Copy nothing but the lines below running from the line containing "Сумка-переноска для тварин: для" through the line containing "HOMEIBRO 30 in.", both end lines included.

* **RECORD SET**:
- - -
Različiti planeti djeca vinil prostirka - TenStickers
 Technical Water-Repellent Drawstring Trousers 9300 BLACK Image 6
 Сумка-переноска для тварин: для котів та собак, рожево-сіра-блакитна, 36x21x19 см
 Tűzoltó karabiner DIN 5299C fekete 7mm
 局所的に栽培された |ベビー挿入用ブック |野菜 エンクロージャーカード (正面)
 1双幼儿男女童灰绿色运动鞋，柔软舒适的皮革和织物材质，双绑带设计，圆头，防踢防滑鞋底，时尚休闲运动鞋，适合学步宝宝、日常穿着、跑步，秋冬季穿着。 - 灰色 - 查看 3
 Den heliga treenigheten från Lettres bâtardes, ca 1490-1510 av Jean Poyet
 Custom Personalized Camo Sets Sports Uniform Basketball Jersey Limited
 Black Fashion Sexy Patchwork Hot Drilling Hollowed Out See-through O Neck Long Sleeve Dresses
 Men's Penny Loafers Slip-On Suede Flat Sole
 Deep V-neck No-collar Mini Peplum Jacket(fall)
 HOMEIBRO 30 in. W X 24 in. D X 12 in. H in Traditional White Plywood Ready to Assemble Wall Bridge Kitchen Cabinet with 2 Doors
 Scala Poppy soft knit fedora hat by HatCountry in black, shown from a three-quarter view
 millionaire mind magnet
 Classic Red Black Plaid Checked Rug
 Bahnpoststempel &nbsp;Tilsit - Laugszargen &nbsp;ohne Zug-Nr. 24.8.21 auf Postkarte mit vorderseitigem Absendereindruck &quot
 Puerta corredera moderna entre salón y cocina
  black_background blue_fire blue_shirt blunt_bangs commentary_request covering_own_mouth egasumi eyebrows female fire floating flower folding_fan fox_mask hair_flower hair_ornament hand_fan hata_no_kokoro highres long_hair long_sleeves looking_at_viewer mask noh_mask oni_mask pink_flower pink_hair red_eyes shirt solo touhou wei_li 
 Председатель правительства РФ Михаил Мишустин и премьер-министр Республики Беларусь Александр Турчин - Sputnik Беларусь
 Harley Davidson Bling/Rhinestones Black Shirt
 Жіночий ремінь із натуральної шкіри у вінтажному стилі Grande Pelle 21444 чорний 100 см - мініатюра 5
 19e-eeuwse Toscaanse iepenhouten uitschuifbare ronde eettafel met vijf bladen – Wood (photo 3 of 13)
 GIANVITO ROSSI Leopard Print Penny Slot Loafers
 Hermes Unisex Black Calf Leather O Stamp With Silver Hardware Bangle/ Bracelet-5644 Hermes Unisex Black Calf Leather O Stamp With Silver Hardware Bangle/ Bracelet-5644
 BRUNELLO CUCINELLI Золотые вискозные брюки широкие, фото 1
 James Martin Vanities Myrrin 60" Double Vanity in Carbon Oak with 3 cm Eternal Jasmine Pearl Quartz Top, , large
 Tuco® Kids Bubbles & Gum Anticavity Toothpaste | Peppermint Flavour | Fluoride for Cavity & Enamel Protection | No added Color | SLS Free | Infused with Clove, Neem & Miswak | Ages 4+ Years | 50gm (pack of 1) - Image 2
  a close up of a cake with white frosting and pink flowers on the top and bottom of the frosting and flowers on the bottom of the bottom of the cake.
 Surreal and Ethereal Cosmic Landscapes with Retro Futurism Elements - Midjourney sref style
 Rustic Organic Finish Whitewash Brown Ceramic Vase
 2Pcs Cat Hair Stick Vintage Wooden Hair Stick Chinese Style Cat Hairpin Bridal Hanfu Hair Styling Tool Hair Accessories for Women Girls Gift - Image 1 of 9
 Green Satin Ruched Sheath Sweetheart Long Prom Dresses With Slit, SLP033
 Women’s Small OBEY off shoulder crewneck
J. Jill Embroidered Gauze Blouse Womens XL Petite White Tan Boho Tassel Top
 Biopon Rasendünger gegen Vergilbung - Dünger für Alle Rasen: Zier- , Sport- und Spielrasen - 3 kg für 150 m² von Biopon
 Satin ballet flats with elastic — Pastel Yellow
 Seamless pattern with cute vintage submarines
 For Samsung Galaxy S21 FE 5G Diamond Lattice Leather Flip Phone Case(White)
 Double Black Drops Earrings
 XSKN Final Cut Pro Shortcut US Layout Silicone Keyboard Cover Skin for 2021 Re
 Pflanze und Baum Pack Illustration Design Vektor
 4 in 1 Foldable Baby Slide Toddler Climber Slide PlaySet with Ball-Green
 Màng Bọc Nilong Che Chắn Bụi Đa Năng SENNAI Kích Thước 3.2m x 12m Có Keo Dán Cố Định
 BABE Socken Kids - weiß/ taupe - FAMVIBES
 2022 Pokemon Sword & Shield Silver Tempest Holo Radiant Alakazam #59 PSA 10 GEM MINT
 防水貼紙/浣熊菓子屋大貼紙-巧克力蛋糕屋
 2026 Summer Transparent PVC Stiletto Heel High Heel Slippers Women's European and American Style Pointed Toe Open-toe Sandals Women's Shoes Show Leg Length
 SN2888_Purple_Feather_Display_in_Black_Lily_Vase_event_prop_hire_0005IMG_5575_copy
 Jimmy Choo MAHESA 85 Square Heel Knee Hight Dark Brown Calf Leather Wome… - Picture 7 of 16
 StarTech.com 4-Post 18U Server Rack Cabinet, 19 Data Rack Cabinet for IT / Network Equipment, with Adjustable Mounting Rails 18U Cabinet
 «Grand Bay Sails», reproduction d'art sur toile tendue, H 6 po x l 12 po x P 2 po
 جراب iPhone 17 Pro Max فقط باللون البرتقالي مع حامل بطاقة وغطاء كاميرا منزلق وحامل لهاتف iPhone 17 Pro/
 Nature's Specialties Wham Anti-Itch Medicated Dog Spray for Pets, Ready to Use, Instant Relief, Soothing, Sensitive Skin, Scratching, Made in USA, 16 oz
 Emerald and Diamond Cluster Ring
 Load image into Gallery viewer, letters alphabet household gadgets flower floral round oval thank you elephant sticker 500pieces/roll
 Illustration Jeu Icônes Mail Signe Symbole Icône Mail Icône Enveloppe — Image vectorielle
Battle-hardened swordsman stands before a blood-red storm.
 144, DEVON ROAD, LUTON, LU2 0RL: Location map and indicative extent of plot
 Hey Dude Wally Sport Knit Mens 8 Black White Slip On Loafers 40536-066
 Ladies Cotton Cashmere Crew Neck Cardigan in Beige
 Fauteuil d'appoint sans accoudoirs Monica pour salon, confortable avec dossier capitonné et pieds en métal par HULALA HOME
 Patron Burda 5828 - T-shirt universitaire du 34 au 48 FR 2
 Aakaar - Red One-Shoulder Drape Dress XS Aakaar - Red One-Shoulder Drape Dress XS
- - -
* **SOLUTION TO THE EXERCISE**:
 Сумка-переноска для тварин: для котів та собак, рожево-сіра-блакитна, 36x21x19 см
 Tűzoltó karabiner DIN 5299C fekete 7mm
 局所的に栽培された |ベビー挿入用ブック |野菜 エンクロージャーカード (正面)
 1双幼儿男女童灰绿色运动鞋，柔软舒适的皮革和织物材质，双绑带设计，圆头，防踢防滑鞋底，时尚休闲运动鞋，适合学步宝宝、日常穿着、跑步，秋冬季穿着。 - 灰色 - 查看 3
 Den heliga treenigheten från Lettres bâtardes, ca 1490-1510 av Jean Poyet
 Custom Personalized Camo Sets Sports Uniform Basketball Jersey Limited
 Black Fashion Sexy Patchwork Hot Drilling Hollowed Out See-through O Neck Long Sleeve Dresses
 Men's Penny Loafers Slip-On Suede Flat Sole
 Deep V-neck No-collar Mini Peplum Jacket(fall)
 HOMEIBRO 30 in. W X 24 in. D X 12 in. H in Traditional White Plywood Ready to Assemble Wall Bridge Kitchen Cabinet with 2 Doors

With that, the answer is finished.